Here's proof that it was working on my phone as well:

![](../assets/pic6.png)

And it was super nice to see that logs in prometheus were automatically generated:

![](../assets/pic7.png)



Okay so the app is fully hosted, and the last (but most important part) would be to set up a re-training loop. I currently don't have any way to get the "latest profane words" so I'll simulate a pipeline given the fact that I have some new data coming in.
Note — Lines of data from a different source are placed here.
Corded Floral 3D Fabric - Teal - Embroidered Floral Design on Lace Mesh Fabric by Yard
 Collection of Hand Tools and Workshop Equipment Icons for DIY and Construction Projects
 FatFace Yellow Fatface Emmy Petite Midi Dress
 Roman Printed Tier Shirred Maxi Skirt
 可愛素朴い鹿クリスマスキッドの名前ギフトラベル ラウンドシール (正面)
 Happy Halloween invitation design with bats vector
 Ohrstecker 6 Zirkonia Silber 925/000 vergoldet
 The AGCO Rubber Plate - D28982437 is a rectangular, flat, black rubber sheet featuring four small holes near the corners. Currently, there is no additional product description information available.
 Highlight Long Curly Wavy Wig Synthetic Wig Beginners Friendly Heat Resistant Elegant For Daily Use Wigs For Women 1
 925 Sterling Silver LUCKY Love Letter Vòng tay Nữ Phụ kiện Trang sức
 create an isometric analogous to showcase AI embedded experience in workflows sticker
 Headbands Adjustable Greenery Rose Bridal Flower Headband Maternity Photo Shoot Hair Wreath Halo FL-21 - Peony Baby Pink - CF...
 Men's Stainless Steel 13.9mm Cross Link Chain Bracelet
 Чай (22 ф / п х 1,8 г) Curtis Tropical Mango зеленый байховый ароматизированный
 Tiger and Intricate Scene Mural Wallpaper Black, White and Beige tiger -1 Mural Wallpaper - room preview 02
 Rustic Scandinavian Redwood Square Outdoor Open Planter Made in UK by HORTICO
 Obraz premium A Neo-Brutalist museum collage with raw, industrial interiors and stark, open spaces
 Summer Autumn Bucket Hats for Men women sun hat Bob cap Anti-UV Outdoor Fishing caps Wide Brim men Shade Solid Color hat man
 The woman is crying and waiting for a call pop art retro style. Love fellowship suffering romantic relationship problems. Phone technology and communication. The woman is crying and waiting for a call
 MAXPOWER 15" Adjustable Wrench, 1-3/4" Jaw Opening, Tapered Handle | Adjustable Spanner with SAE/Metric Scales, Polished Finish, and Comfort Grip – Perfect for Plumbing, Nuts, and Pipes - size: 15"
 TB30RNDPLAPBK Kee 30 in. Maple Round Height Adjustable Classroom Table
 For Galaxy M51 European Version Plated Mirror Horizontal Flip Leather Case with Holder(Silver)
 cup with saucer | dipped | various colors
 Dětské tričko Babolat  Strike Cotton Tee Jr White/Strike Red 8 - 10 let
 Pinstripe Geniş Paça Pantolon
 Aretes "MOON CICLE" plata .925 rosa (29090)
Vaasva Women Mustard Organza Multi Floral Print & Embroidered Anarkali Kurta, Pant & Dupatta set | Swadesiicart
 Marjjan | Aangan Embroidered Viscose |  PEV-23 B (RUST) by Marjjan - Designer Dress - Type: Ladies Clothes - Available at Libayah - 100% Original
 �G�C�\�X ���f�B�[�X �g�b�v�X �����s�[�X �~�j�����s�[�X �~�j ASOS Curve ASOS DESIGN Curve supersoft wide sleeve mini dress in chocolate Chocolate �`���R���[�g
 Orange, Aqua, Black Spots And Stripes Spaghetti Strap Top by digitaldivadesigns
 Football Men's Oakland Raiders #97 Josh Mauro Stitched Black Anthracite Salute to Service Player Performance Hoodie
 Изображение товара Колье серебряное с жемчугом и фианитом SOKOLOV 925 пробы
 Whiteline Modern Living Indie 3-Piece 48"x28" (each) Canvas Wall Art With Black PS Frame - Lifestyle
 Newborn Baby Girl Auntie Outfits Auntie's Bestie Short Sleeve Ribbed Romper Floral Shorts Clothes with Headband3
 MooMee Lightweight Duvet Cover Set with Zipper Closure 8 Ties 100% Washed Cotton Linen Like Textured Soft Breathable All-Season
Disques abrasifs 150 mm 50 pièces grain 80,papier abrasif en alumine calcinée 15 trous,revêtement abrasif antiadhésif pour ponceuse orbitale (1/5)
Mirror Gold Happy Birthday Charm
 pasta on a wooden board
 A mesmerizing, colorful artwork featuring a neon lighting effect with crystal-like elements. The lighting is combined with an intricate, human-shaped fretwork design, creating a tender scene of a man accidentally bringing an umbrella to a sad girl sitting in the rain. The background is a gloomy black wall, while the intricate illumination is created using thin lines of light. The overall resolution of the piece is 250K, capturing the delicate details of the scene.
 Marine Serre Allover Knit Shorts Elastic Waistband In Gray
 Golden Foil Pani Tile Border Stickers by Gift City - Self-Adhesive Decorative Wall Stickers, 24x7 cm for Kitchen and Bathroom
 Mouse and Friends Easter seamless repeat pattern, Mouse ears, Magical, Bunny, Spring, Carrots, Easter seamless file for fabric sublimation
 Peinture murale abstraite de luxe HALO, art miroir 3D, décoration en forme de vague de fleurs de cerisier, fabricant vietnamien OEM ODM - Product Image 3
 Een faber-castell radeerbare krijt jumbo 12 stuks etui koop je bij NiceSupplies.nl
Here's a pipeline that we would use in practice to fully automate this loop

deploy.yaml
```yaml
name: Retrain, Containerize & Deploy

on:
  push:
    branches: [main]
    paths:
      # retrigger pipeline if relevant files changed
      - "app/train.py"
      - "app/eval.py"
      - "app/generate_data.py"
      - "data/**"
      - "app/service_bento.py"
      - "app/bentofile.yaml"

  # nightly drift detection
  schedule:
    - cron: '0 4 * * *'

  # manual trigger support
  workflow_dispatch: {}

jobs:
  deploy:
    runs-on: ubuntu-latest

    permissions:
      contents: read
      packages: write

    steps:
      # checkout and setup
      - name: Checkout repo
        uses: actions/checkout@v4

      - name: Set up Python
        uses: actions/setup-python@v5
        with:
          python-version: "3.11"
          cache: pip

      - name: Install dependencies
        run: |
          pip install --upgrade pip
          pip install -r requirements.txt

      # once new data is in, generate a new cleaned file
      - name: Generate training data
        run: python app/generate_data.py

      # retrain & evaluate Model
      - name: Train model
        run: python app/train.py

      - name: Evaluate model quality
        run: python app/evaluate.py

      # in production, fail here if performance drops too low
      # like if evaluate.py results in bad F1 or accuracy

      # BentoML
      - name: Set up BentoML
        uses: bentoml/setup-bentoml-action@v1
        with:
          python-version: "3.11"

      - name: Build Bento
        run: bentoml build

      - name: Login to GitHub Container Registry
        uses: docker/login-action@v3
        with:
          registry: ghcr.io
          username: ${{ github.repository_owner }}
          password: ${{ secrets.GITHUB_TOKEN }}

      - name: Containerize & push to GHCR
        uses: bentoml/containerize-push-action@v1
        with:
          bento-tag: profanity_service:latest
          push: true
          tags: ghcr.io/${{ github.repository_owner }}/profanity_service:latest
          platform: linux/amd64

      # deploy to Fly.io      
      - name: Install flyctl
        uses: superfly/flyctl-actions/setup-flyctl@master

      - name: Deploy to Fly.io
        run: flyctl deploy --image ghcr.io/${{ github.repository_owner }}/profanity_service:latest --remote-only
        env:
          FLY_API_TOKEN: ${{ secrets.FLY_API_TOKEN }}

      # drift monitoring and prometheus hook
      - name: (Optional) Send Prometheus Drift Metric
        if: github.event_name == 'schedule'
        run: |
          echo "::notice ::Insert Prometheus drift check & pushgateway curl here"
          # e.g. curl -X POST http://prometheus-server/push/...
```

That gives us an end-to-end pipeline that would retrain, evaluate, containerize, and serve our application again. This is a bare-bones version but in production settings companies probably have thousands of pipelines like this running on various triggers.